Generating (semi-)fake purchase data

  • I know how to generate fake data (thanks to Jeff Moden's articles!)... the problem is that I'm trying to generate purchase data where the unit price of a product increases on some products over time.  Normally, I'd get the changing price information from all the purchase invoices, but I don't have those. So I have to make it up. I was thinking I could do something like select random(ish) records and use a systems table to get just bulk records (that part is fine), but how do I fake price increases (where the changes aren't completely fake, because grains, for example, rise by 50% or more over time.)

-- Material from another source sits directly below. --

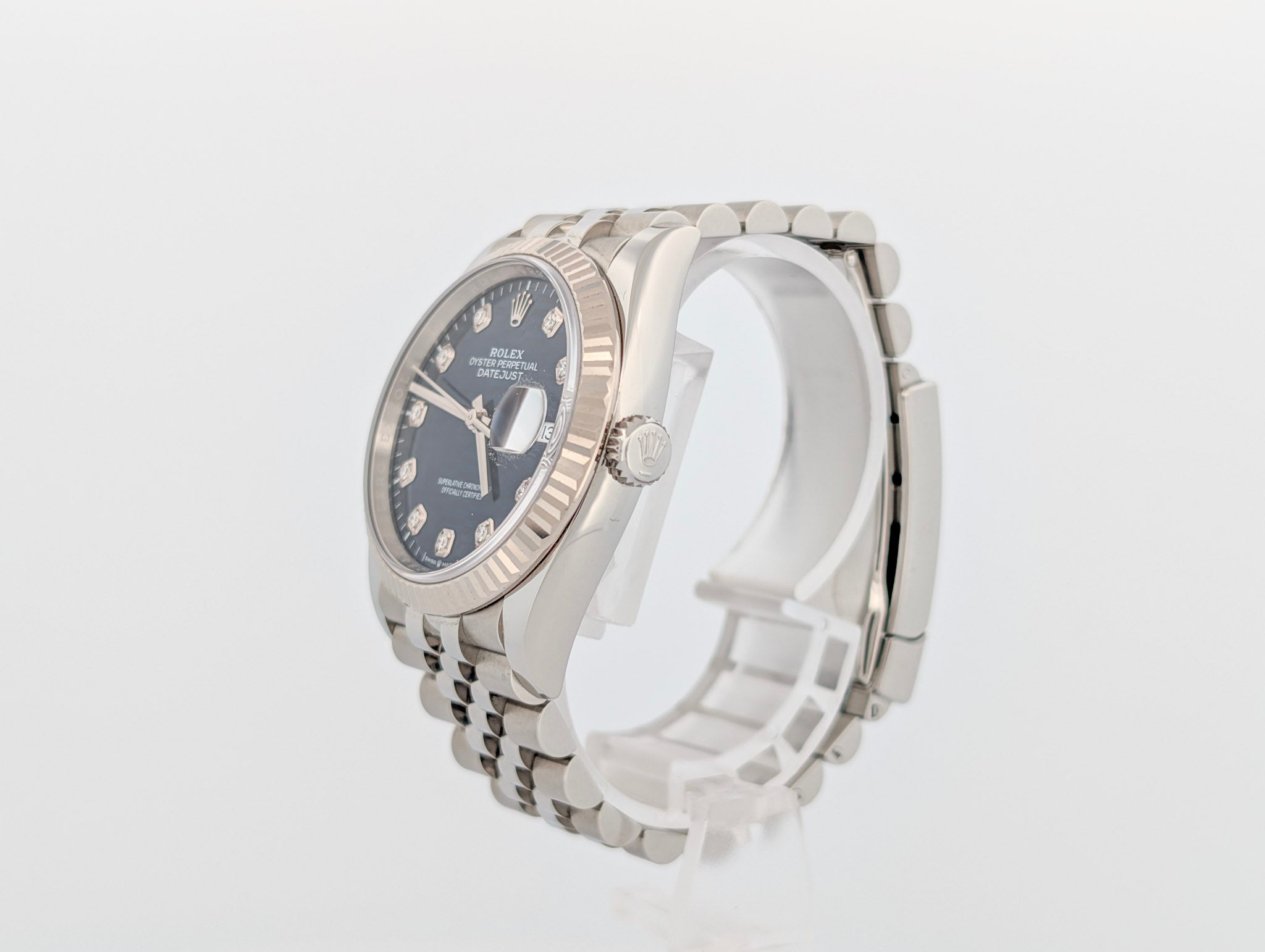 Rolex Datejust 126234 Blue Dial
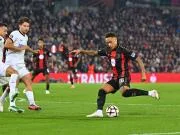 伯恩茅斯3-0格拉茨风暴,埃万尼尔松神仙球,拉扬、阿尔瓦罗建功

    I can create dummy values... maybe my multiplier is screwy?

    use bakery;
    go

    DECLARE @Range INT = 500;
    DECLARE @StartValue DECIMAL(5,2);

    /* some ingredients are only purchased every 6 weeks (grains) */
    /* add a 1/0 random number to determine whether to apply the RT_FakePct */

    /* JOIN ALL OF THIS TO vwBaseIngredientRecipe */

    DECLARE @FirstBakeEventDate DATE;
    SELECT @FirstBakeEventDate = MIN(BakeDate) FROM BakeEvents;

    WITH cteWeeklyPrices(IngredientID, IngredientName, WeekNo, NewPrice)
    AS (
    SELECT x.IngredientID
    ,x.IngredientName
    ,x.WeekNo
    --,x.UnitPrice
    --,x.FakePct
    --,RT_fakePct = 1 + SUM(x.NewChangePct) OVER (PARTITION BY x.IngredientID ORDER BY x.WeekNo)
    --,x.ChangeY
    --,x.NewChangePct
    ,NewPrice2 = CAST(ROUND(x.UnitPrice * (1 + SUM(x.FakePct) OVER (PARTITION BY x.IngredientID ORDER BY x.WeekNo)),2) AS DECIMAL(5,2))
    FROM
    (
    SELECT i.IngredientID
    ,i.IngredientName
    ,i.UnitPrice
    ,PerKgPrice = i.UnitPrice/(i.IngredientWeight * 1000) /* convert from Kg to g */
    ,t.N AS WeekNo
    --,t.Num AS WeekNo
    ,FakePct = ABS(CHECKSUM(NEWID()))%100 / 10000.0
    ,ChangeY = ABS(CHECKSUM(NEWID())%2) /* basically T/F to decide whether to apply the change */
    ,NewChangePct = IIF(ABS(CHECKSUM(NEWID())%2) = 0, 0, ABS(CHECKSUM(NEWID()))%10 / 10000.0 ) --was%100
    --, NewPrice = (1 + ABS(CHECKSUM(NEWID()))%100 / 10000.0) * i.UnitPrice
    , NewPrice = i.UnitPrice * (1 + IIF(ABS(CHECKSUM(NEWID())%2) = 0, 0, ABS(CHECKSUM(NEWID()))%100 / 10000.0 ))
    FROM Ingredient i
    --CROSS JOIN Scratch.dbo.Tally t
    CROSS APPLY Scratch.dbo.fnTally(1,76) t
    WHERE i.IngredientID NOT IN (17,62) /* Foil pans, plastic bags */
    ) x
    )
    SELECTbw.WeekNo
    ,bw.LoafKey
    ,bw.LoafQty
    ,ri.Yield
    ,ri.IngredientName
    ,ri.RecipeWeight
    ,wp.NewPrice
    FROM
    (SELECT LoafKey,
    LoafQty,
    WeekNo = 1 + DATEDIFF(week,@FirstBakeEventDate,BakeDate)
    FROM BakeEvents be) bw
    INNER JOIN cteWeeklyPrices wp
    ON bw.WeekNo = wp.WeekNo
    INNER JOIN vwBaseIngredientRecipe ri
    ON ri.RecipeID = bw.LoafKey
    ORDER BY LoafKey, WeekNo;

    (I was trying to isolate the fake increases in the Common Table Expression... just to keep things from being hideous. The problem isn't that they don't increase, it's that they increase kind of monotonically instead of more randomly as I would like (for things besides grains, that's okay, but for grains the price changes are more dramatic).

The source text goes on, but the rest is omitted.